Stored items
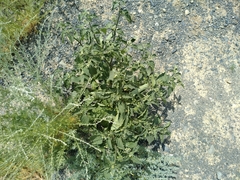 Solanum villosum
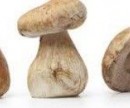 BOLETUS EDULIS (IVA 4%)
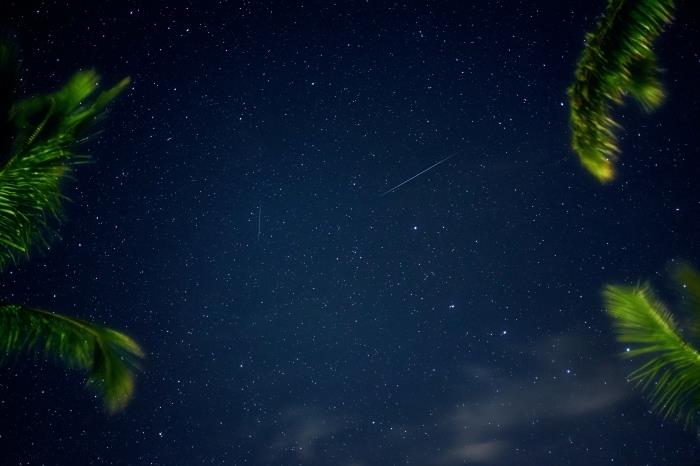 bilgisayar için orijinal duvar kağıdı resmi, yıldızlarla noktalı gece gökyüzünün fotoğrafı ve palmiye ağaçlarının siluetleri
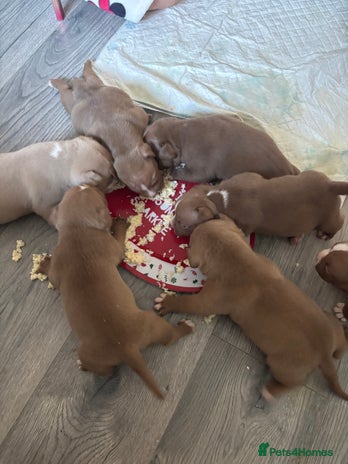 American Bully dogs - Advert 1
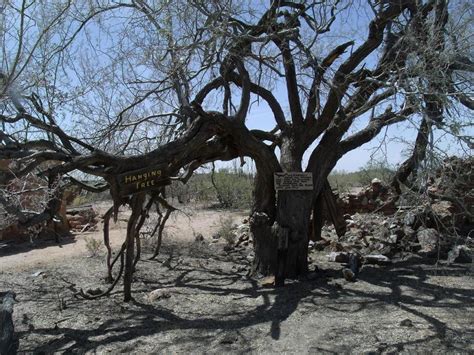 File:Wickenburg Vulture Mine-Hanging Tree.jpg - Wikimedia Commons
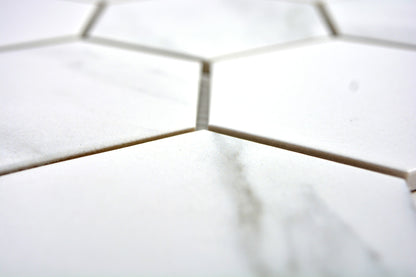 Carrara White Hexagon Mosaic Tile TilesDecor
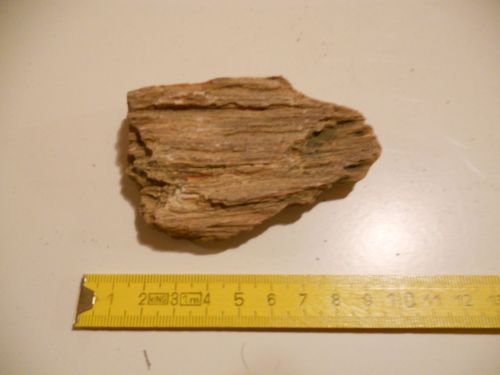 fossile - SELVA DI CADORE (BELLUNO) 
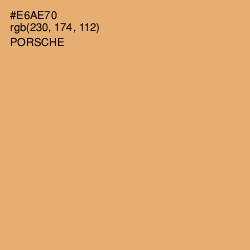 #E6AE70 - Porsche Color Image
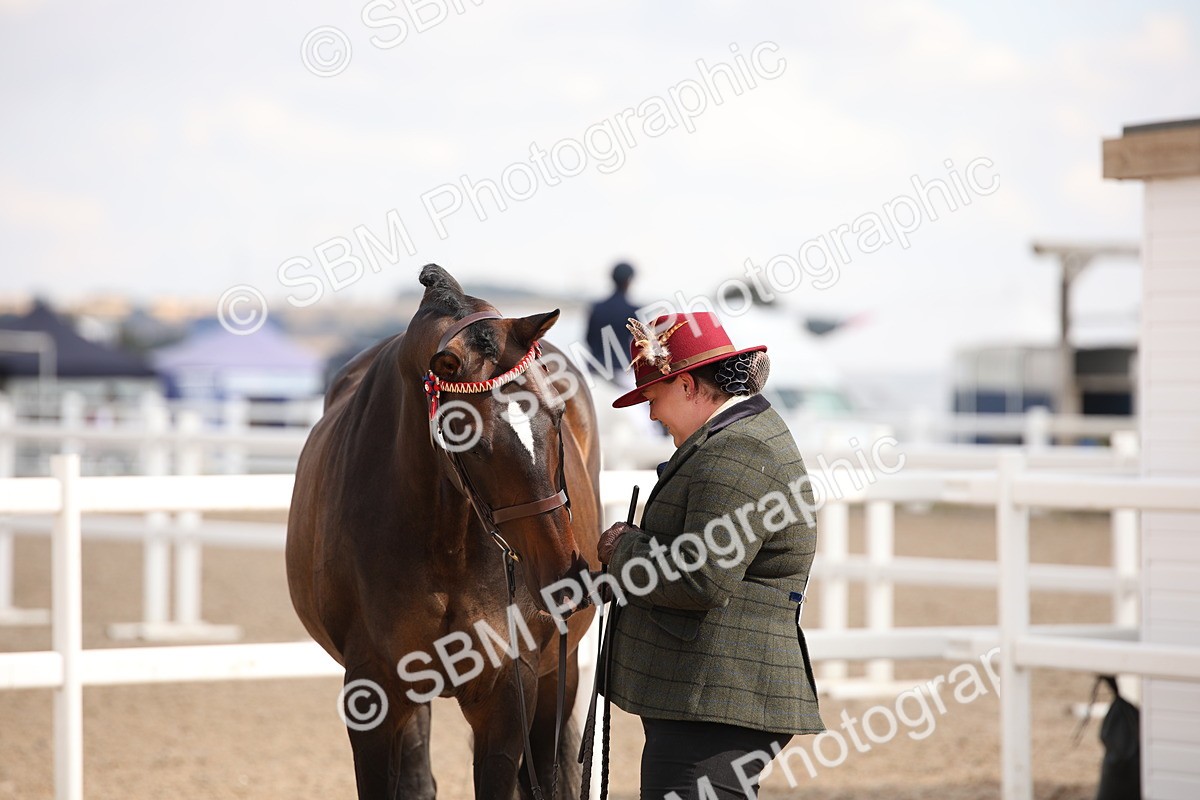 SBM_03778 - Class 19 Judge's Favourite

Exercise requirements
Write out, exactly as they stand, the line with "BOLETUS EDULIS (IVA 4%)" and every line after it through the end of the entries above; omit the pictures.

Result of the task
 BOLETUS EDULIS (IVA 4%)
 bilgisayar için orijinal duvar kağıdı resmi, yıldızlarla noktalı gece gökyüzünün fotoğrafı ve palmiye ağaçlarının siluetleri
 American Bully dogs - Advert 1
 File:Wickenburg Vulture Mine-Hanging Tree.jpg - Wikimedia Commons
 Carrara White Hexagon Mosaic Tile TilesDecor
 fossile - SELVA DI CADORE (BELLUNO) 
 #E6AE70 - Porsche Color Image
 SBM_03778 - Class 19 Judge's Favourite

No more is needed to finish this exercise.